= SIMPLE (dark matter experiment) =

Experimental search for dark matter

SIMPLE (Superheated Instrument for Massive ParticLe Experiments) is an experiment search for direct evidence of dark matter. It is located in a 61 m^{3} cavern at the 500 level of the Laboratoire Souterrain à Bas Bruit (LSBB) near Apt in southern France. The experiment is predominantly sensitive to spin-dependent interactions of weakly interacting massive particles (or WIMPs).

SIMPLE is an international collaboration with members from Portugal, France, and the United States.

==Design==
The SIMPLE detector is based on superheated droplet detectors (SDDs), a suspension of 1–2% superheated liquid C_{2}ClF_{5} droplets (~30 μm radius) in a viscoelastic 900 ml gel matrix, which undergo transitions to the gas phase upon energy deposition by incident radiation. The refrigerant, freon, is used as the active mass.

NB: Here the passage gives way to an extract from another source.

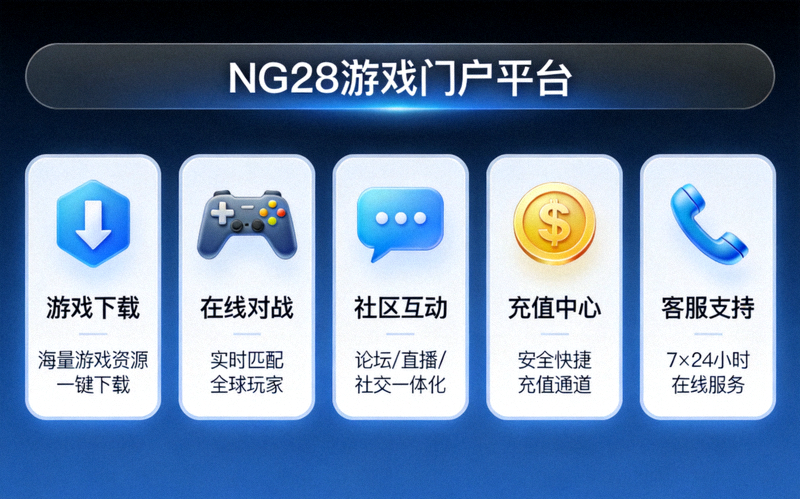 NG28游戏门户平台界面展示图，展示一站式游戏服务解决方案的各个功能模块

In effect, each droplet behaves as a miniature bubble chamber. Once a nucleation has occurred, the acoustic shock wave is picked up by microphones. Each acquired signal is then fully discriminated in terms of acoustic external noise, gel-associated noise and most recently particle discrimination. The detectors are typically operated at ~200 kPa and ~280 K. Due to the construction technique, SSDs are almost insensitive to background radiation, and their sensitivity can be adjusted by controlling the temperature and pressure of each device.

== Results ==
The final phase II analysis was published in Physical Review Letters in 2012. Spin-dependeant cross section limits were set for light WIMPs.